The article had been commissioned by Barbara Rose, a young art historian who was hired by the magazine’s editorial director Alex Liberman to consult on art content. When asked many years later about the article, Rose commented that “I think [Rubin] thought it would make him seem glamorous.” 2 If we extrapolate from Lauder’s comments, people certainly took notice.

Social ties, rarely more than one or two steps removed from each other, criss crossed Rubin’s collection. Barbara Rose was married to the painter Frank Stella and one of Stella’s large copper-colored stripe-paintings was featured prominently in the photos of Rubin’s collection. Stella’s good friend Richard Meier had been responsible for the renovation of the loft. As Rubin later recalled, “I moved into a very large loft, which I had remodeled by Richard Meier, at that time a relatively unknown young architect but one who was friendly with vanguard painters.” 3 Willem De Kooning, Paul Jenkins, Jules Olitski, Herbert Ferber and Larry Poons had even had, at one time or another, studios in the same building as Rubin. 4 As the article in Vogue observed, Rubin, “installed his canvases and sculptures, living, so far as possible, amidst the artists who made them.” 5

The article was written by Annette Michelson, an American art and film critic who had recently returned to New York after a period of ten years in Paris working as a contributing editor for the New York Herald Tribune. During her time abroad, she had steeped herself in French criticism and theory, a proclivity that came to the fore when she launched the highly academic art journal October with art historian Rosalind Krauss. Her description of Rubin’s loft is a little highfalutin and enjoyably florid. While her words are ultimately laudatory, the hyperbole comes across as almost sarcastic. Michelson seems to critique Rubin as the contemporary embodiment of an emerging neoliberal impulse to conflate life and work.

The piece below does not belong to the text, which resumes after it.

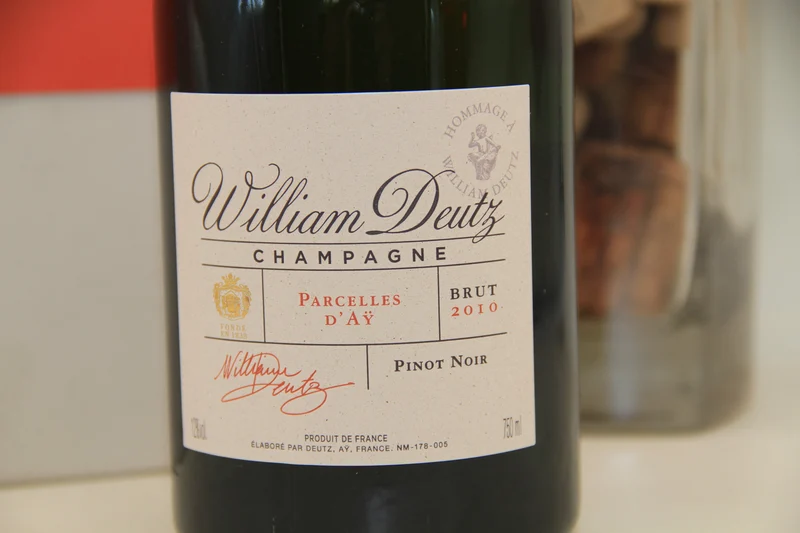Champagne Brut Hommage à William Deutz **2010 **parcelle D'Ay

Michelson is extraordinarily detailed in her contextualization of Rubin and his activities as a collector. The text is almost diagrammatic, describing the shape and form of Rubin’s artistic and social millieu and its intellectual parameters. In its specificity we are given an inkling of the limitations of the collector’s attention. By defining so carefully Rubin’s history and his current focus on American contemporary painting and sculpture, Michelson helps us to see just how much was beyond his purview. Any collection is ultimately limited to that which is within arm’s reach of the collector. Considering the propensity of history to develop lacunae, in this instance the absence of women and black and brown artists in art history, Michelson’s text might serve as an exposé of how white men came to dominate the Post-War art world. Art could be seen as the physical remains of a particular social group. Culture in general might be the collective shedding process of a society. Following this logic, if art and culture is made by everybody, the identification of who preserves it and how they do so and why they do so, is far more pertinent to history than what is selected and identified.


1.

William S. Rubin, “A Curator’s Quest: Building the Collection of Painting and Sculpture of The Museum of Modern Art, 1967-1988,” Overlook & Duckworth, New York and London, 2011 p.20

2.

MoMA Archives Oral history, W.Rubin. p.9 of 115. https://www.moma.org/momaorg/shared/pdfs/docs/learn/archives/transcript_rubin.pdf (retrieved 28 November, 2017)

3.

Hunter Drohojowska-Philp, “Stanford’s Anderson Collection museum to feature trove of couple’s art,” LA Times, July 11, 2014 http://www.latimes.com/entertainment/arts/la-et-cm-ca-hunk-moo-stanford-anderson-collection-20140713-story.html (accessed 28 November, 2017)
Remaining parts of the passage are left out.